Total Pageviews

Saturday 22 November 2014

Introduction to Data science Part 5:map red set up

Parag Ray
29-Sep-2014

Introduction

Welcome to the readers!

This is the fifth part of the series of articles. Here we actually start setting up map reduce in a multi node cluster and have a hands on experience of the map reduce.

If you have not gone through already,You would necessarily  go back to fourth part of the multi node set up as this post will depend on the multi node set up.

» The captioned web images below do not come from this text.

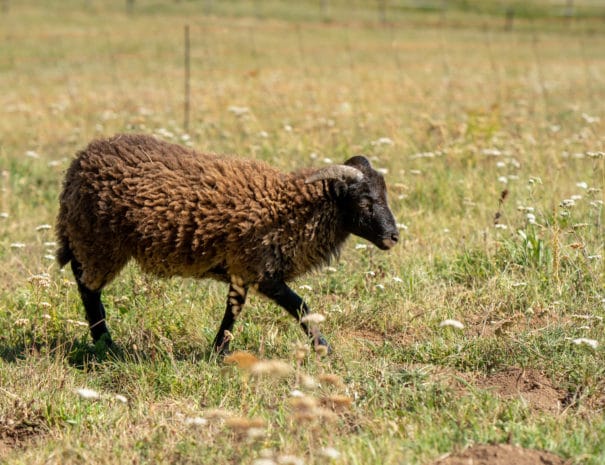 Obélix se déplace dans le pré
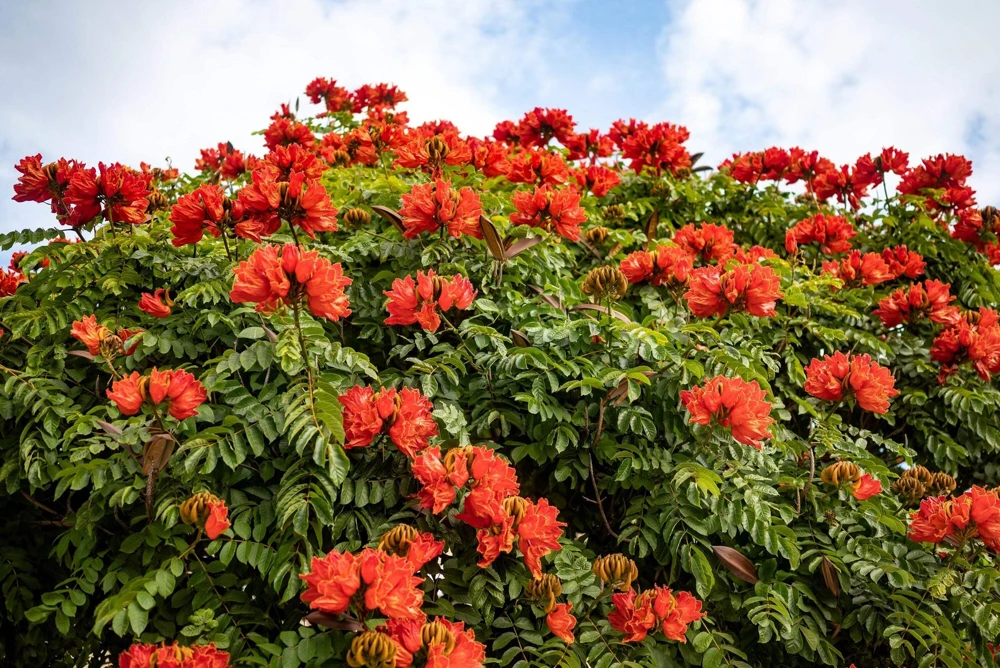 15 Red African Tulip Tree Seeds - Spathodea Campanulata Flame of Forest - Image 1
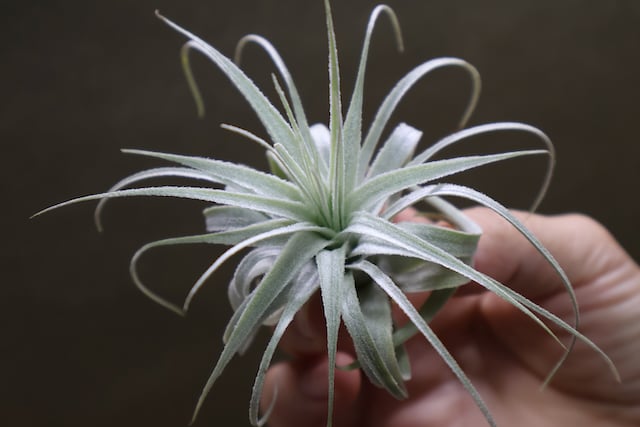 チャペウエンシス 01号 | air-plants TENGU-DO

Please note the related readings and target audience section to get help to better follow the blog.

 
We are assuming the operating system to be Ubuntu 14.04.

Agenda
  • Target audience
  • Related readings/other blogs
  • MR configuration
  • Test
Target audience

  • This is an intermediate level discussion on Hadoop and related tools.
  • Best suited for audience who are looking for introduction to this technology.
  • Prior knowledge in java and Linux required.
  • Intermediate level understanding of networking necessary.
Related readings/other blogs  
You would also like to look at Cloudera home page & Hadoop home page for further details.

MR configuration

We shall do the configuration for master first.
Please move to $HADOOP_HOME folder and then conf folder under this.
All Map reduce and HDFS configuration files are located here.
Add the following entries to mapred-site.xml:
<configuration>     
<property>
         <name>mapred.job.tracker</name>
         <value>PRUBNode1:9001</value>
     </property>
<property>
         <name>mapred.local.dir</name>
         <value>/home/parag/work/mrhome/localdir</value>
     </property>
<property>
         <name>mapred.system.dir</name>
         <value>/home/parag/work/mrhome/sysdir</value>
     </property>
</configuration> 
 
Please note: PRUBNode1 is my hostname for the master node, please change it 
for host name of your master node.
mapred.local.dir  & mapred.system.dir  should be given a generic directory name 
which has to be the same (once we move to multinode) for all nodes. Directory needs 
be separately created as they will not be created by Hadoop.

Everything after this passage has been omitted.